A shy and imaginative child who never quite fit in with her all-American neighbors, Neuhaus came of age in the sixties, loved the Beatles with all her heart, and easily found her place in the hippie world. Her passion for stories led her to major in English at Temple University, and then to spend a few years exploring both the inner and outer worlds.
In time, she married and moved to the country to raise children and goats. It was during this period that she was fortunate enough to have a classic experience of the guru coming to her door. He came after she’d given up the search for a teacher, of course, and the experience brought equal amounts of pain and growth. Neuhaus gratefully acknowledges the deep influence of Shri Mahant Swami Ganeshananda on Journey to Mythaca.
At her guru’s suggestion, Neuhaus went back to school for a teaching certificate and spent the next two decades in the classroom, working with gifted children for majority of those years, but also running enrichment programs, working as a story-teller, teaching special needs populations, and facilitating learning in wonderfully diverse multi-age classrooms.
Her last class, a group of 6th, 7th and 8th graders in California, where she now lives, played a significant role in the genesis of Journey to Mythaca: the first 108 pages of the book were written collaboratively with the class. Neuhaus read new sections aloud daily for the students’ critiques and suggestions, many of which were incorporated into the story.
After her years of teaching, Neuhaus completed a second Master’s degree, this one in Mythological Studies at Pacifica Graduate Institute, and then finished writing Journey to Mythaca, which was published in October, 2006.
She currently runs workshops exploring the creative potential of myth in art and is working on a second Mythaca book, in which the magical creatures visit the children’s world.

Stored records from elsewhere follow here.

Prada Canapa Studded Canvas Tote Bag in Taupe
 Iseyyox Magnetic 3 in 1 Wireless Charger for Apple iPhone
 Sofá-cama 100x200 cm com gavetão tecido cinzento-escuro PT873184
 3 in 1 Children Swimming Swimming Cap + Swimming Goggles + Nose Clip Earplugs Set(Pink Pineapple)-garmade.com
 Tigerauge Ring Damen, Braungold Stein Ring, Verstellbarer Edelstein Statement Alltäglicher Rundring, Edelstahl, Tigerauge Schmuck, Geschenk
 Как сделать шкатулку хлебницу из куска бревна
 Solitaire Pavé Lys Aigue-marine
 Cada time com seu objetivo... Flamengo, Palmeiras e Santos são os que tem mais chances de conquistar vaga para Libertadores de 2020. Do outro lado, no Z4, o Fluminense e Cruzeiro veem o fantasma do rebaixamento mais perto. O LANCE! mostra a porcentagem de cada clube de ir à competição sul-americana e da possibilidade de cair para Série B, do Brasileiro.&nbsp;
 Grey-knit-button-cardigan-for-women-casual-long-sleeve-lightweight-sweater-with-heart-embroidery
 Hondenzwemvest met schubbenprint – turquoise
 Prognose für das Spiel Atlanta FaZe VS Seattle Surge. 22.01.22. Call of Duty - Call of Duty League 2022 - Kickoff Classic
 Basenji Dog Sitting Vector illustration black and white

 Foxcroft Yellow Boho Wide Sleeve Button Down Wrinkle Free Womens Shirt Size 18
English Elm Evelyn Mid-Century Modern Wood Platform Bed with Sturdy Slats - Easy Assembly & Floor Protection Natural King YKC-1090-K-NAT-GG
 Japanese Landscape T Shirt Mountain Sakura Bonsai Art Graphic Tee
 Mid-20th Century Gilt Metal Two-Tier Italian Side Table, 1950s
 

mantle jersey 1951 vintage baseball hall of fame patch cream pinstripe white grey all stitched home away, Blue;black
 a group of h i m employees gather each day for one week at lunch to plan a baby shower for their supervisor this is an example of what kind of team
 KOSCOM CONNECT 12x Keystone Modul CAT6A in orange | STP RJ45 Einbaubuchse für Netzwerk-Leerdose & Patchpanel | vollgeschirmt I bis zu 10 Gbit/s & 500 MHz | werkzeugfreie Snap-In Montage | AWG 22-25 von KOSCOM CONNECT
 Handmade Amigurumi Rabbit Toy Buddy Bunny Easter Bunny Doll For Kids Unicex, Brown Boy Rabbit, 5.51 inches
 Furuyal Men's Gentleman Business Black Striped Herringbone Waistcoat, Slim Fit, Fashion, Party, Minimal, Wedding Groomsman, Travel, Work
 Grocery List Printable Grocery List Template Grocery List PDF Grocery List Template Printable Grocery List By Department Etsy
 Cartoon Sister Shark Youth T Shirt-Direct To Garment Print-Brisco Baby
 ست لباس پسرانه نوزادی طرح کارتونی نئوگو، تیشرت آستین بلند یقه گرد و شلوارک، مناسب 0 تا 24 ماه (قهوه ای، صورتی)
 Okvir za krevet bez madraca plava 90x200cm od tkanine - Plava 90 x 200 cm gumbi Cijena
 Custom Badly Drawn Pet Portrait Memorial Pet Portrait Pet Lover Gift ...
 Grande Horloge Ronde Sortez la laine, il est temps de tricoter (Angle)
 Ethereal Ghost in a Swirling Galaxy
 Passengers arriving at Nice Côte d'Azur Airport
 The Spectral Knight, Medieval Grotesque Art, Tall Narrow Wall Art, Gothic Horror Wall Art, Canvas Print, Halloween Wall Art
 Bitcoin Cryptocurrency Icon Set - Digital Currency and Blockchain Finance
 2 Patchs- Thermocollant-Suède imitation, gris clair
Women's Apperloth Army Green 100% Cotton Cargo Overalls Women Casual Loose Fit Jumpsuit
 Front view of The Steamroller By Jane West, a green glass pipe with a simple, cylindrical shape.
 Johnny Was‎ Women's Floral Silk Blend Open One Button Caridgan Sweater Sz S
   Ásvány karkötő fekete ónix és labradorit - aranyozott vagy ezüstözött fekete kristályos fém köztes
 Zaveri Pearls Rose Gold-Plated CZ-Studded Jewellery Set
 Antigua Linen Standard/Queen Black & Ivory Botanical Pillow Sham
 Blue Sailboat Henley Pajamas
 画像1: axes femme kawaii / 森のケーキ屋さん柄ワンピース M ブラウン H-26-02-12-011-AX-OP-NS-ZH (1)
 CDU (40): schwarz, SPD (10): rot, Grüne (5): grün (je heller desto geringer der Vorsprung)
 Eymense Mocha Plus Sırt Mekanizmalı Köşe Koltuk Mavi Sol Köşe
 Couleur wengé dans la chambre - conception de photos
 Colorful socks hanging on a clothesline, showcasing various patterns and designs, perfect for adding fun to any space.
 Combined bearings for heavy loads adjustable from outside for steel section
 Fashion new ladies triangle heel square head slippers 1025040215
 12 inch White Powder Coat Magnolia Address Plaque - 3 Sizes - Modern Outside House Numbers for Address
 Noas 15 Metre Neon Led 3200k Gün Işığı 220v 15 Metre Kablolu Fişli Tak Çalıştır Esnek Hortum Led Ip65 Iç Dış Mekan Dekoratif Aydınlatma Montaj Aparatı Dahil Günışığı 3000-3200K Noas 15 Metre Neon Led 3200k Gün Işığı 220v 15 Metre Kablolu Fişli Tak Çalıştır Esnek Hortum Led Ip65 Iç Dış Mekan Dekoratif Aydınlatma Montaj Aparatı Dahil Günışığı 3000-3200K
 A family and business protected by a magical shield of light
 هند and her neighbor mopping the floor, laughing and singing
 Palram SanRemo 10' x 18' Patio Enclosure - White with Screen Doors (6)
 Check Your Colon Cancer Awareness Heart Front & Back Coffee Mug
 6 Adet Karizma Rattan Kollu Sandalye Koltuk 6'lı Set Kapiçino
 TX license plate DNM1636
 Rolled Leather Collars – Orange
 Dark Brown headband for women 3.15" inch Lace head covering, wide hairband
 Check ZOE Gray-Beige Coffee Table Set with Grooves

At 2:30 in the morning, in early March, 2001, I woke up abruptly with a new thought: I don't have to teach for the rest of my life! No more California standards! No more school politics! No more getting-ready-for-the-next-grade! The idea was so appealing that I got up and wrote a letter of resignation immediately, effective at the end of the school year.
From March to June, then, I was free. I decided to make those months the best they could be for my students and for me. The rest of the year would be devoted to art and stories. The students chose to make imaginary creatures out of papier mache and write stories about them. (Really, who needs math?)
That fall I began the MA/PhD program in Mythological Studies at Pacifica Graduate Institute. For two years I wrote papers, and papers, and more papers. Had I completed my dissertation, it would probably have been on the Greek titans, Prometheus and his little-known brother, Epimetheus.
At the end, though, it was Mythaca that called. It took me another year and a half to finish the book. When it was done, I didn't look for a conventional publisher. Through a series of serendipitous events, I came into a small windfall which allowed me to self-publish the book. I found WingSpan, hired a Pasadena Art Center artist, Kristopher Doe, to do the cover, and friends Kate Johnston and Josephine Laing to do the editing and the illustrations. The published version of Journey to Mythaca came out at the end of October, 2006.